Le futurisme à Paris… et au centre Pompidou

Le centre Georges Pompidou à Paris Jusqu’au 26 janvier 2009, vous pouvez voir au Centre Georges-Pompidou à Paris l’exposition Le futurisme à Paris… Une avant-garde explosive. Le titre renvoie au manifeste du futurisme du poète italien Filippo Tommaso Marinetti, publié en une du Figaro le 20 février 1909. L’exposition aurait pu, symboliquement, se prolonger jusqu’à la date anniversaire du centenaire de ce texte dont des extraits sont dispersés sur des papiers de couleurs à emporter dans les différents espaces de l’exposition (voir en bas de l’article). Celle-ci s’organise en 9 espaces comme 9 mini expositions formant plus ou moins un tout. Télérama et d’autres revues ont souligné les manques de certains artistes. De mon côté, ce qui m’a gêné, c’est que l’avant futurisme et les relations entre futurisme et cubisme sont traités en long, en large et en travers… quitte à ce que l’on ne comprenne plus. Si la perspective historique prime, alors il manque quand même les relations du futurisme avec la Première guerre mondiale (l’exposition s’arrête net à 1914), l’évolution des artistes, le fait que l’on retrouvera de nombreux ex-futuristes dans le mouvement Dada, le Bauhaus ou le surréalisme… D’ailleurs, de nombreux visiteurs ne comprenaient pas, en voyant Duchamp et d’autres, genre « tiens, il est futuriste, je croyais qu’il était dada » (surtout que l’exposition Dada en 2005 à Pompidou puis en 2006 en tournée avait été une ÉNORME exposition avec un très gros catalogue de plus de 1000 pages sur papier bible… que j’ai lu entièrement et consulte souvent).

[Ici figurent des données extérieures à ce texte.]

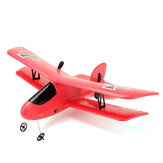Flybear FX-808 2.4G 2CH EPP Micro Kapalı Parkflyler RC Biplane RTF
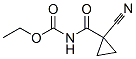 Carbamic  acid,  [(1-cyanocyclopropyl)carbonyl]-,  ethyl  ester  (9CI) CAS#: 133036-89-2
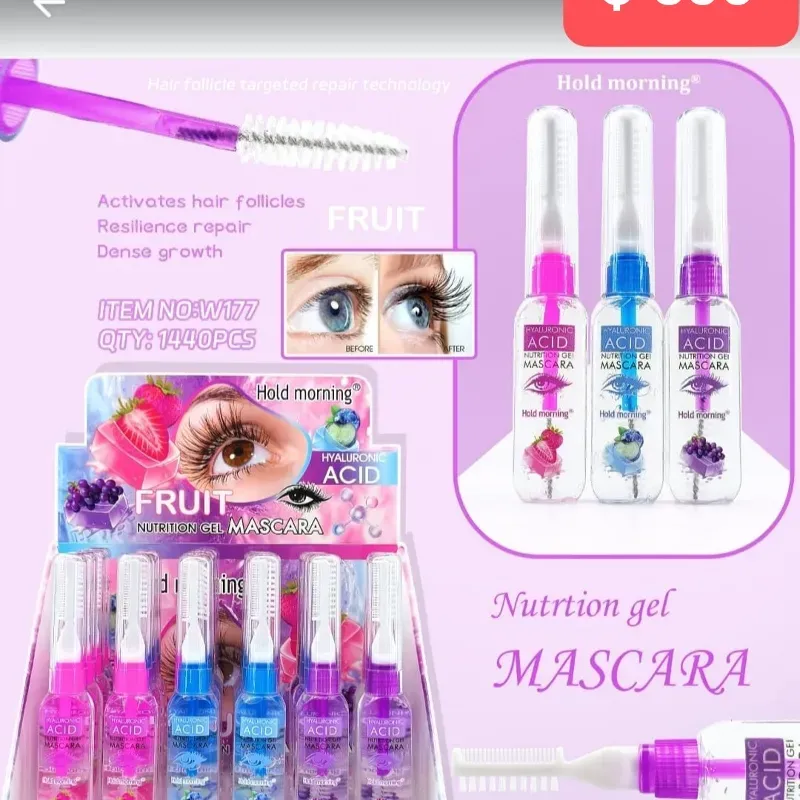 Rimel Transparente De Ácido Hialurónico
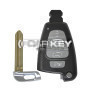 Hyundai Veracruz 2007-2012 Nähe Smart Remote Key 4 Taste 433MHz 95440-3J501 / 95440-3J500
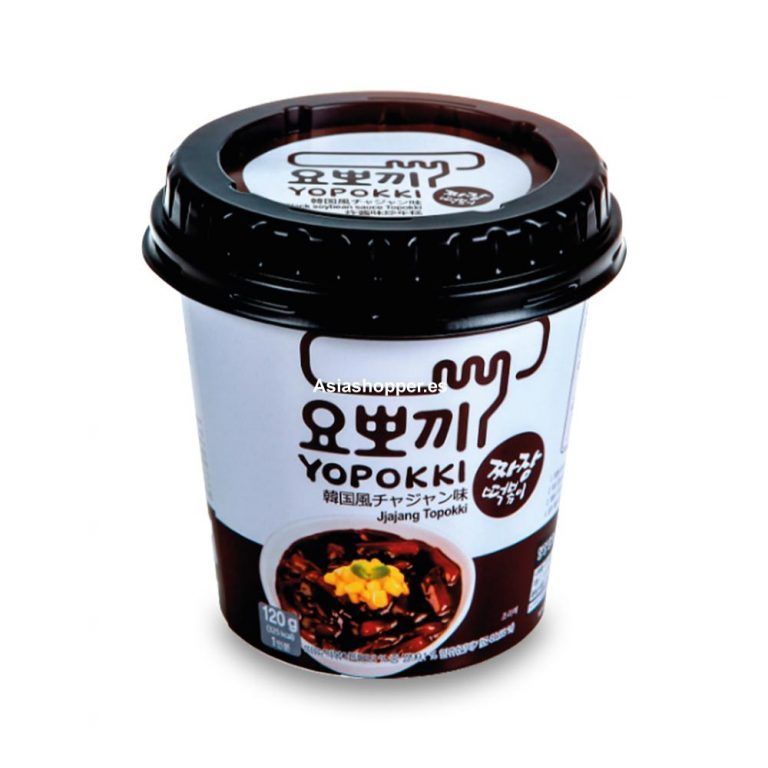 Topokki Instantáneos de Jajangmyeon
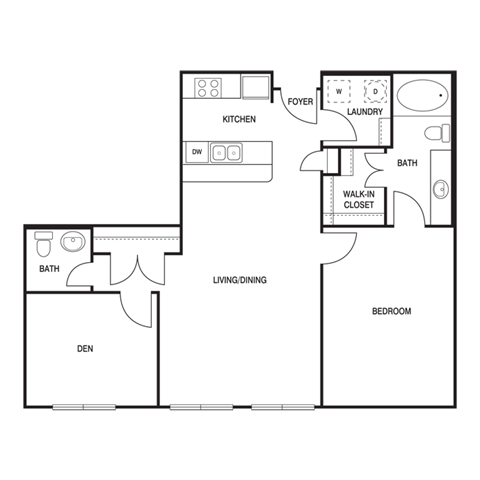 5009 Addison Circle Studio-3 Beds Apartment for Rent - Photo Gallery 80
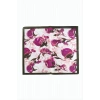 Nar Desenli Zr Şifon Fular 50*50 cm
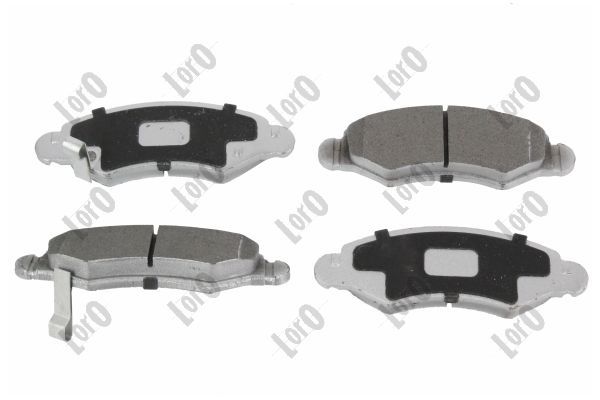 ABAKUS 231-01-095 Brake Pad Set, disc brake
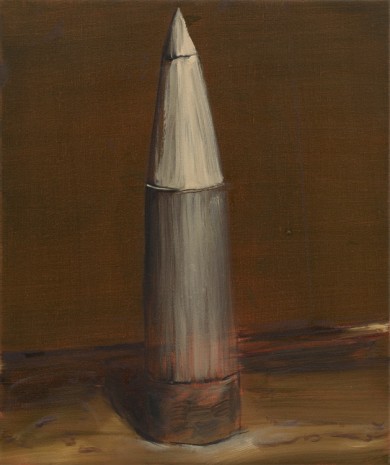Michaël Borremans, Missile, 2017 , Zeno X Gallery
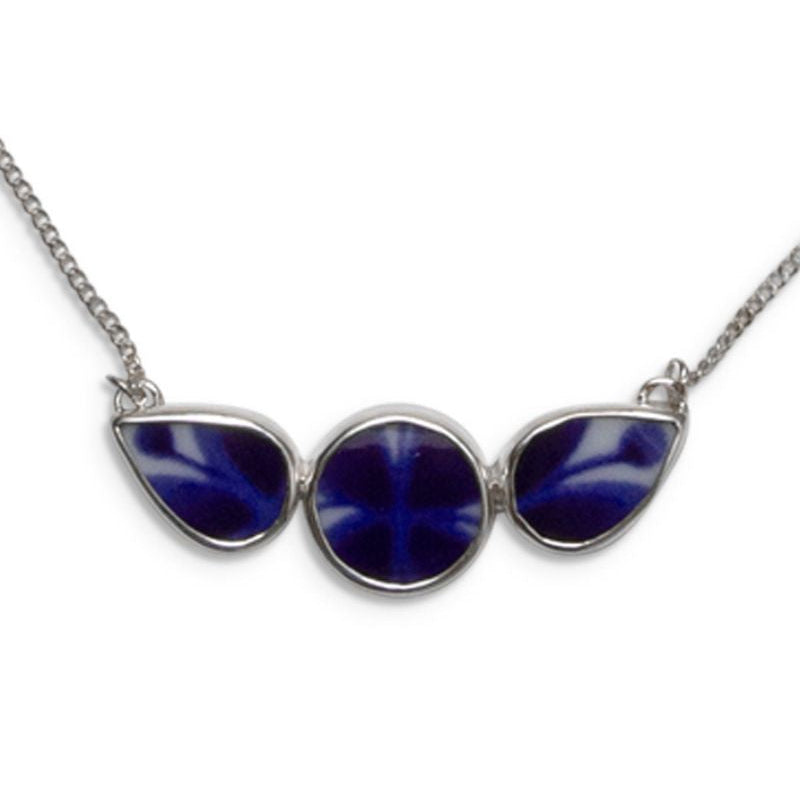 Mon Amie Blomma Necklace - 925 Sterling Silver Necklace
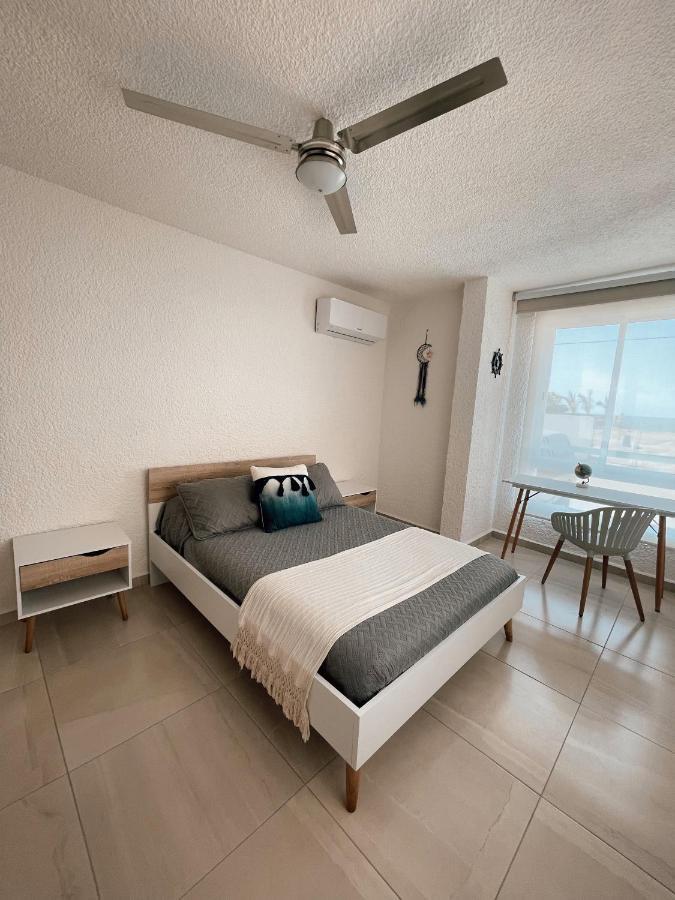 Hermoso Departamento Nuevo A 50 Metros De Playa!! 만사니요 외부 사진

Pour le cubo-futurisme, c’est absurde de s’arrêter à 1914… Et d’autres avant-gardes sont évoquées, comme l’avant-garde russe (Malevitch, Popova, Gontcharova, …). mais celle-ci a été traitée en 2005, à Bruxelles, dans le cadre de Europalia 2005, avec une exposition au palais des Beaux-Arts intitulée L’avant-garde russe, 1900-1935, qui présentait environ 300 œuvres. L’avant-garde avait aussi été à l’honneur, toujours en 2005, au grand palais à Paris avec l’exposition Vienne 1900 (Gustav Klimt, Egon Schiele, Koloman Moser et Oscar Kokoschka).

Bref, si vous voulez comprendre ce qu’est le futurisme, je ne pense pas que cette exposition y réponde, si vous voulez voir les influences de différents mouvements au tournant du 19e siècle au 20e siècle, alors peut-être aurez-vous un aperçu.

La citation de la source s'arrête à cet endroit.